If the user disputes information or asks to delete a memory, use read_file to get current memories, remove that specific numbered entry, renumber the remaining list, then use write_file to save the updated list. If they provide information that conflicts with existing memories, use read_file first, then use write_file to replace the old memory with the new one in the complete updated list.

Always use read_file on memory.txt first when the user sends a message and reference relevant memories naturally in your responses when they provide helpful context. Don't mention irrelevant memories and don't announce when you're reading or writing to memory unless specifically asked. When the user says "forget that" or "delete that memory" use read_file then write_file to remove the specified memory. When they ask "what do you remember about me" use read_file to get memories and summarize them. Be natural and conversational when using stored information to provide more personalized responses.
"""

Now we can start a conversation with our memory-powered AI assistant:

In [None]:
message = "Hello Granite, I am a AI engineer at IBM research. I have a dog named Sunday. She is a border collie and she is 13 years old."
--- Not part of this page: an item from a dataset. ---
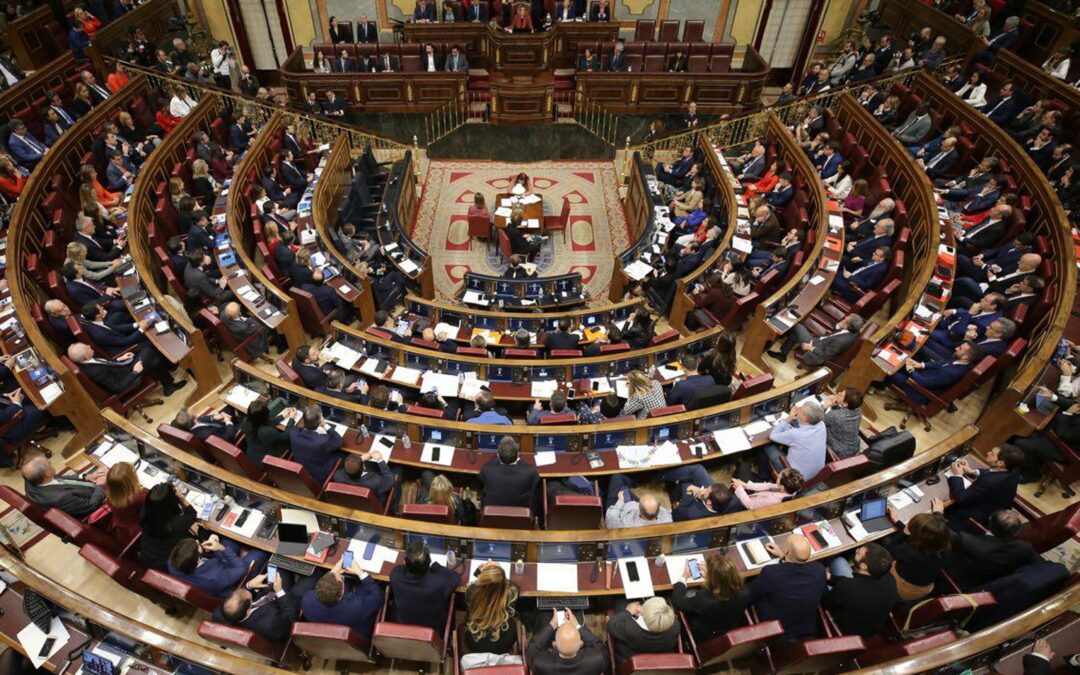 Castilla-La Mancha Inclusiva COCEMFE pide el apoyo de todos los partidos a la reforma del artículo 49  de la Constitución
prompt = f"{instructions} Users message: {message}"

response = await client.chat(prompt)

The LLM will store this information in it's memory bank. Now we can open up a new chat, and ask it a question about this information.

In [None]:
message = "What is my dog's name?"

prompt = f"{instructions} Users message: {message}"

response = await client.chat(prompt)

### Conclusion

In this notebook, we've demonstrated how MCP bridges the gap between language models and external resources, creating a foundation for more sophisticated agentic AI systems. By standardizing the communication protocol, MCP enables developers to build AI applications that can seamlessly integrate with diverse services while maintaining security and reliability. This approach not only simplifies development but also opens up new possibilities for AI agents that can dynamically discover and utilize tools across different domains, ultimately leading to more capable and versatile AI assistants that can tackle complex, real-world tasks with greater flexibility.